43 öğrenciyi çetelere teslim ettiler
Hala yürek sızlatan, duyanın vicdanını yaralayan korkunç bir olay vardır ülke tarihinde. Bir öğretmen okulunun 43 öğrencisi 26 Eylül 2014’te Guerrero eyaletinde kayboldu. Hala akıbetleri bilinmiyor. Öğrenciler Tlatelolco Katliamı olarak bir olayın yıldönümü için başkente gitmek için yola çıkmışlardı. Tlatelolco Katliamı 1968 yılında (gençlik hareketlerinin zirve yaptığı yıl, malum) Meksika askerlerinin gösteri yapan öğrencilere ateş açması sonucu 300 kişinin yaşamını yitirdiği korkunç bir kıyımdı. Öğretmen adayı 43 öğrenci anmaya katılmak için yola çıktılar bir daha da onları gören olmadı.

Kan donduran iddialar atıldı ortaya.
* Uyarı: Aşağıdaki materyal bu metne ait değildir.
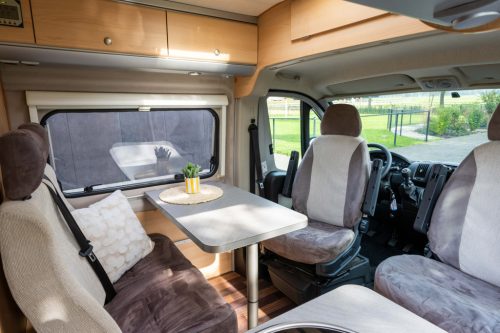 KNAUS R07 photo: 10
Meksika polislerinin öğrencileri uyuşturucu çetelerine verdiği ileri sürüldü. Çetelerin öğrencileri bir çöplükte yaktığı da iddialar arasında. Meksika hükümetinin bu iddiayı bilerek ortaya atmakla sorumluluktan kaçmaya çalıştığı ortaya çıktı. Arjantinli tıp uzmanlarının raporları sonucu çöpte yakılmayla ilgili hiçbir kanıt bulunamamıştı çünkü. 2016 yılında hükümetin soruşturmayı engellediği haberleri çıktı. Dönemin Enrique Peña Nieto hükümetinin ilk 14 aylık döneminde 23 bin 640 kişi öldürülmüştü.

Şiddetin önlenmesinde başarılı olamayan Nieto, 43 kayıp öğrencinin kaybolması konusunda da kayıtsızlığıyla hafızalara kazındı.

Öğrencilerden hala haber yok. Şiddet hala ülkenin en önemli sorunu. Seçim kampanyası süresince 130 siyasetçi öldürüldü. Şimdi solcu bir devlet başkanı görevi devralıyor. Bakalım ne olacak?

Umarım bu talihsiz ülke “huzura çok çok yakın, ABD’ye çok çok uzak” olur.